» Task brief:
Begin at the line that has "Three Gates Road", stop after the line that has "Forest River Meditation", and print exactly those lines from the records below, without any pictures.

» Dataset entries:

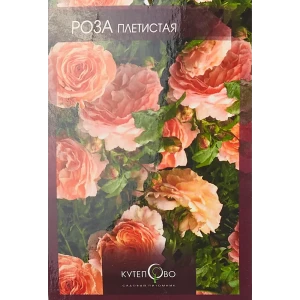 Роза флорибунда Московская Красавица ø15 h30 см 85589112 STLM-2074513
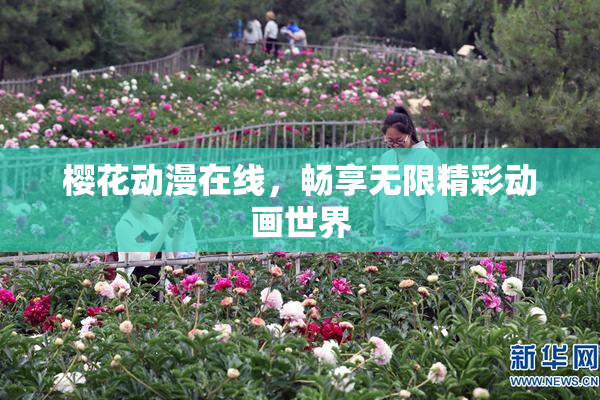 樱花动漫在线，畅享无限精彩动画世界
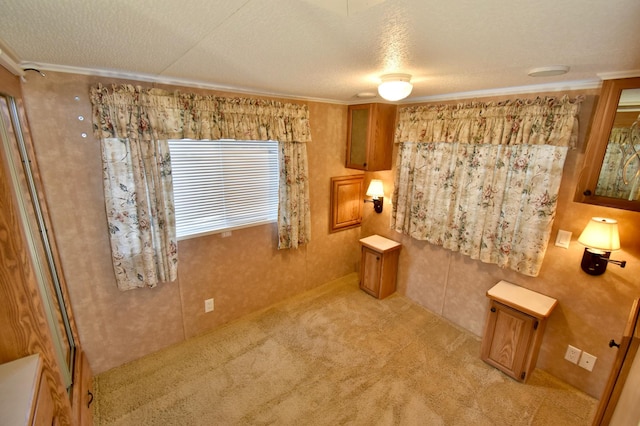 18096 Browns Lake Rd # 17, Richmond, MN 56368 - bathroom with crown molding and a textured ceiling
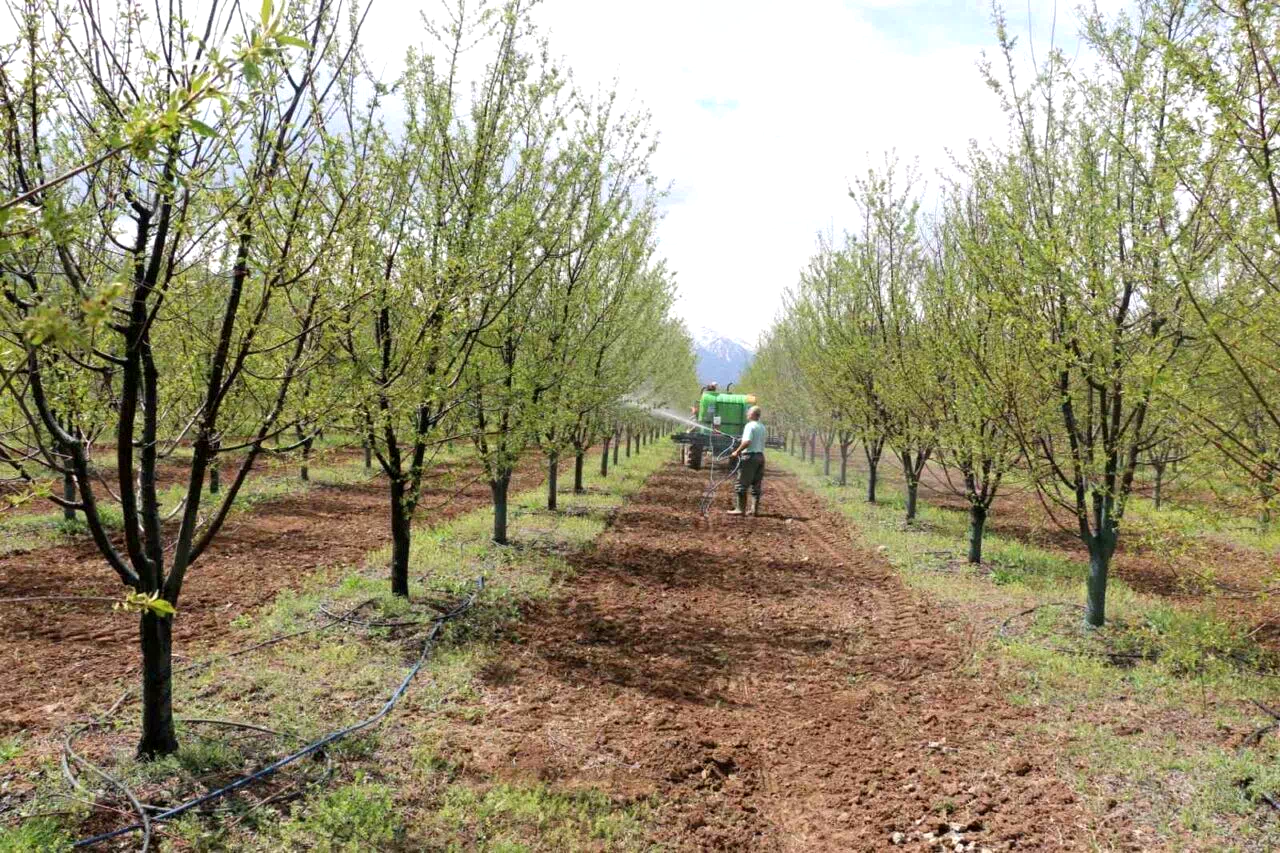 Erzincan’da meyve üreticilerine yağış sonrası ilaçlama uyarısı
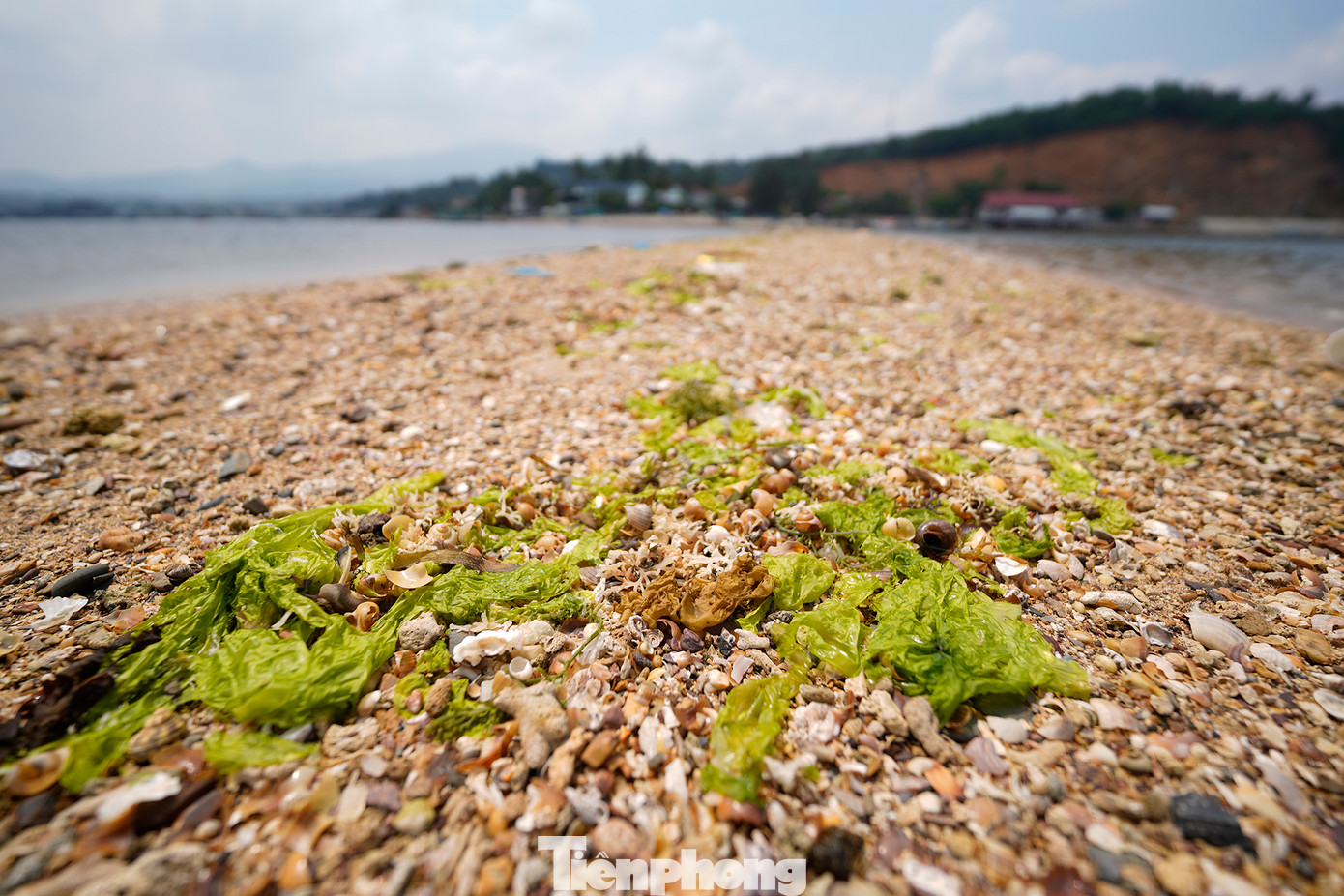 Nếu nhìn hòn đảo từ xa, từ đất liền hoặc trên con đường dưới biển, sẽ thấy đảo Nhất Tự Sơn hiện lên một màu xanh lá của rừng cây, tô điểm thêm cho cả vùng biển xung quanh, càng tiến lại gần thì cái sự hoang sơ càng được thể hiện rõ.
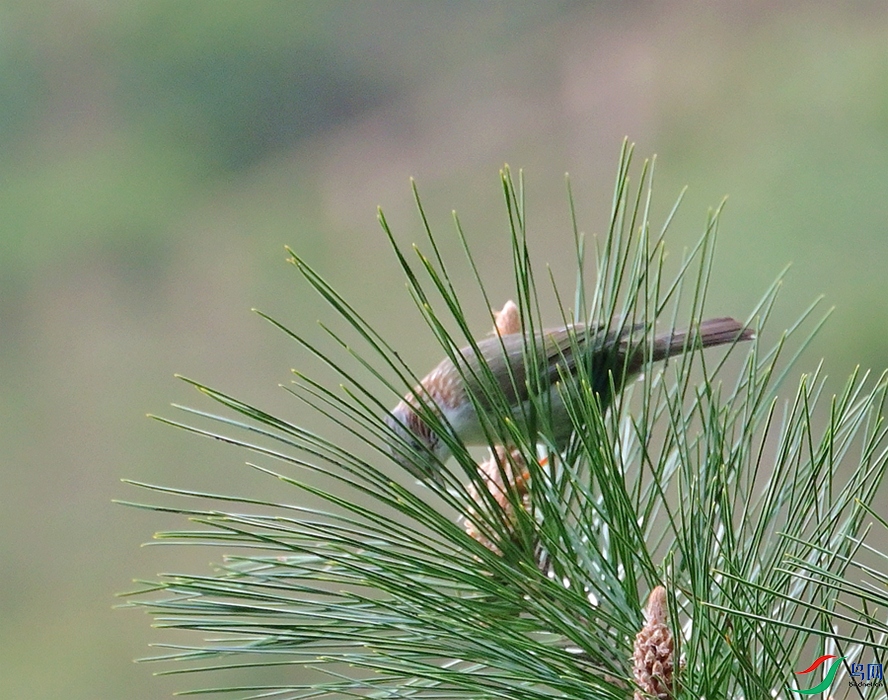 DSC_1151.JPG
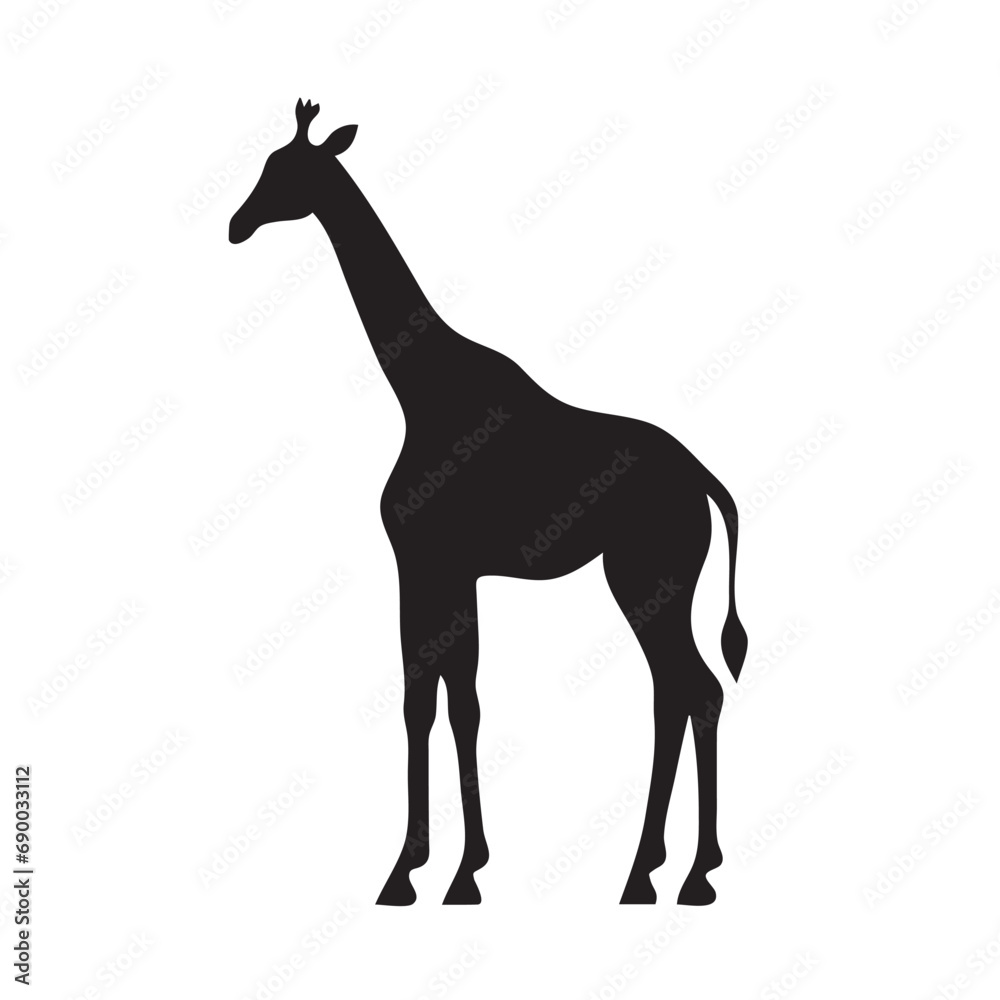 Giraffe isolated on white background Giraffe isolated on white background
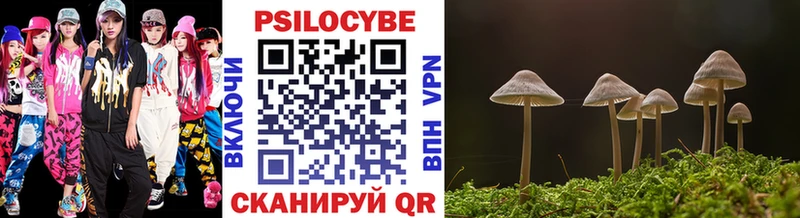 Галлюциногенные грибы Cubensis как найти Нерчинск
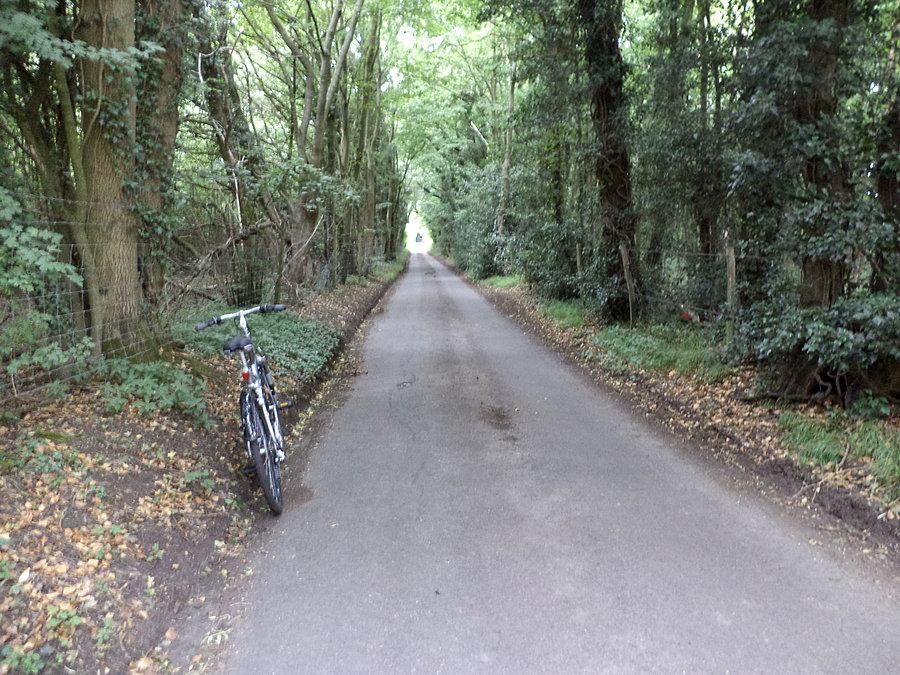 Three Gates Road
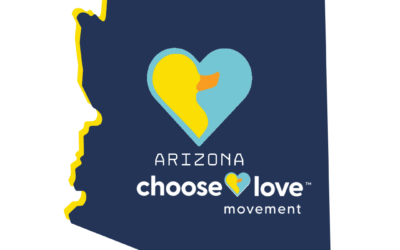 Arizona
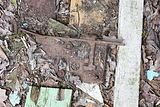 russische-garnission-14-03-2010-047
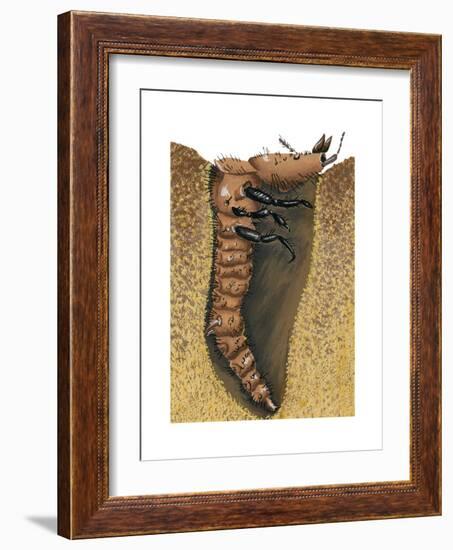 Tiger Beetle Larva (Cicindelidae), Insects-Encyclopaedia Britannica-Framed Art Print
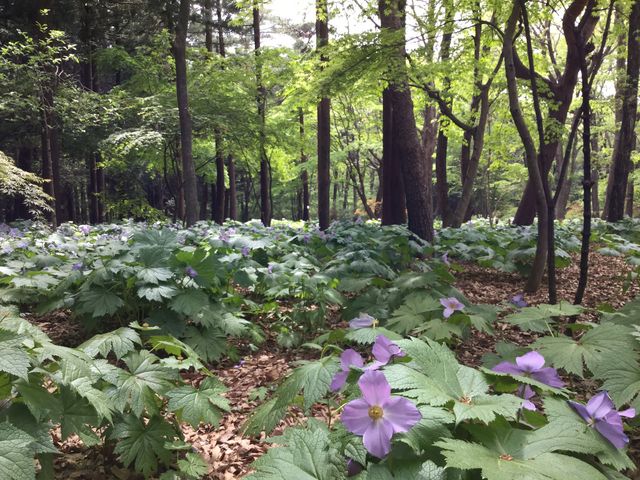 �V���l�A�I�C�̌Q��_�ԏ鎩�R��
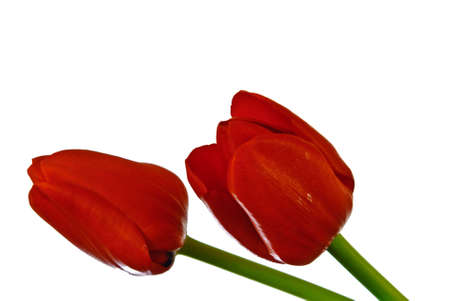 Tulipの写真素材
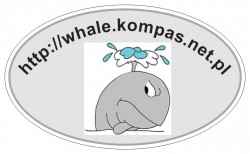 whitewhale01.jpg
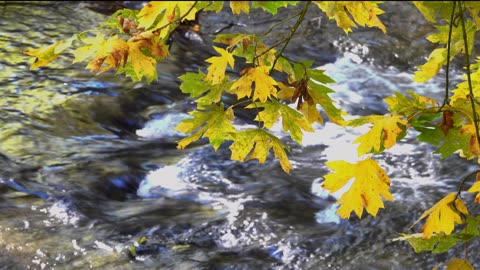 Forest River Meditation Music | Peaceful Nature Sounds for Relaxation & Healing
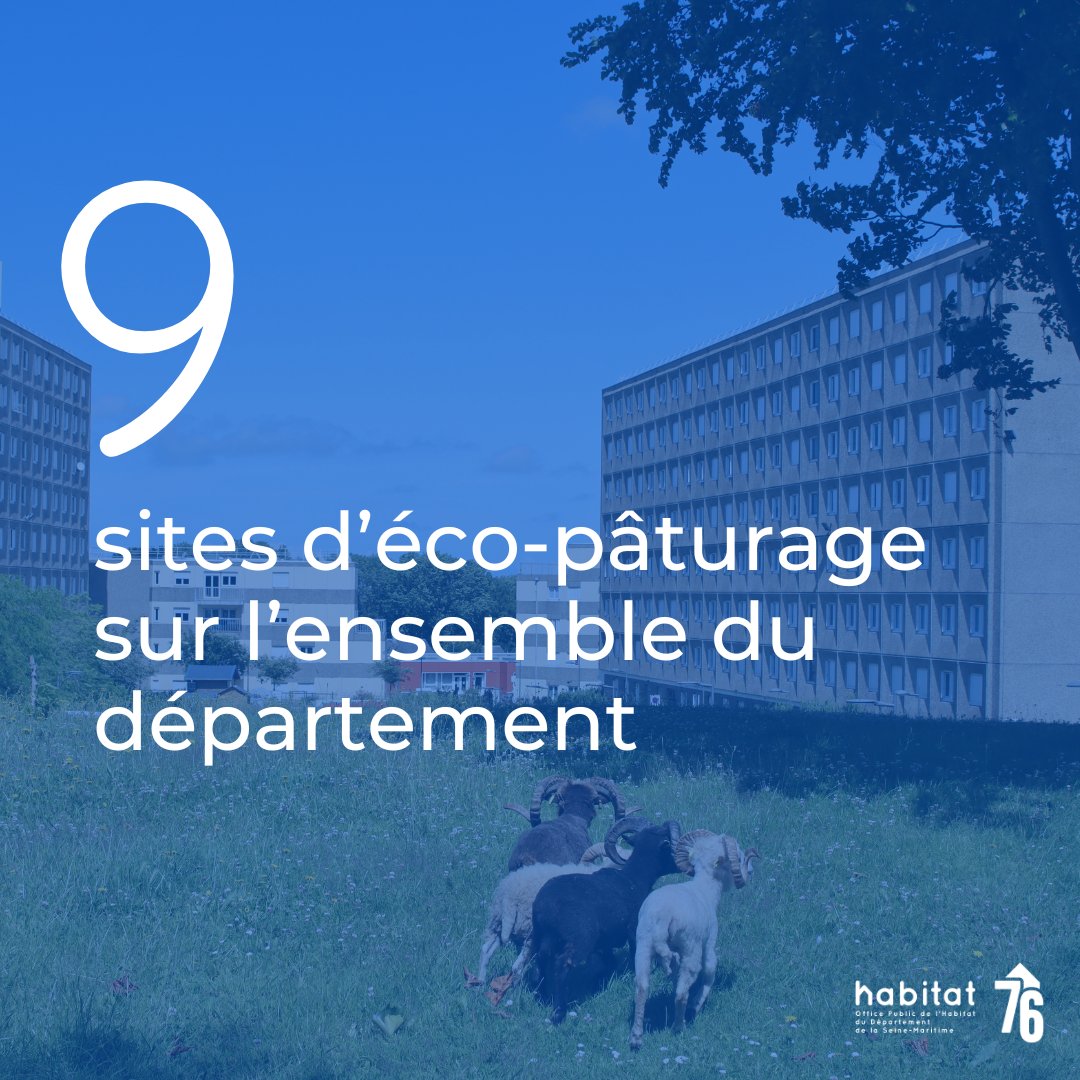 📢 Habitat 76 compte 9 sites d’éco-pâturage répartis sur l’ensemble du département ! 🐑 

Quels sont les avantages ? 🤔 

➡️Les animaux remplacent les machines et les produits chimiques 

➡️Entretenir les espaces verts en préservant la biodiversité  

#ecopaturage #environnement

» Answer to the problem:
 Three Gates Road
 Arizona
 russische-garnission-14-03-2010-047
 Tiger Beetle Larva (Cicindelidae), Insects-Encyclopaedia Britannica-Framed Art Print
 �V���l�A�I�C�̌Q��_�ԏ鎩�R��
 Tulipの写真素材
 whitewhale01.jpg
 Forest River Meditation Music | Peaceful Nature Sounds for Relaxation & Healing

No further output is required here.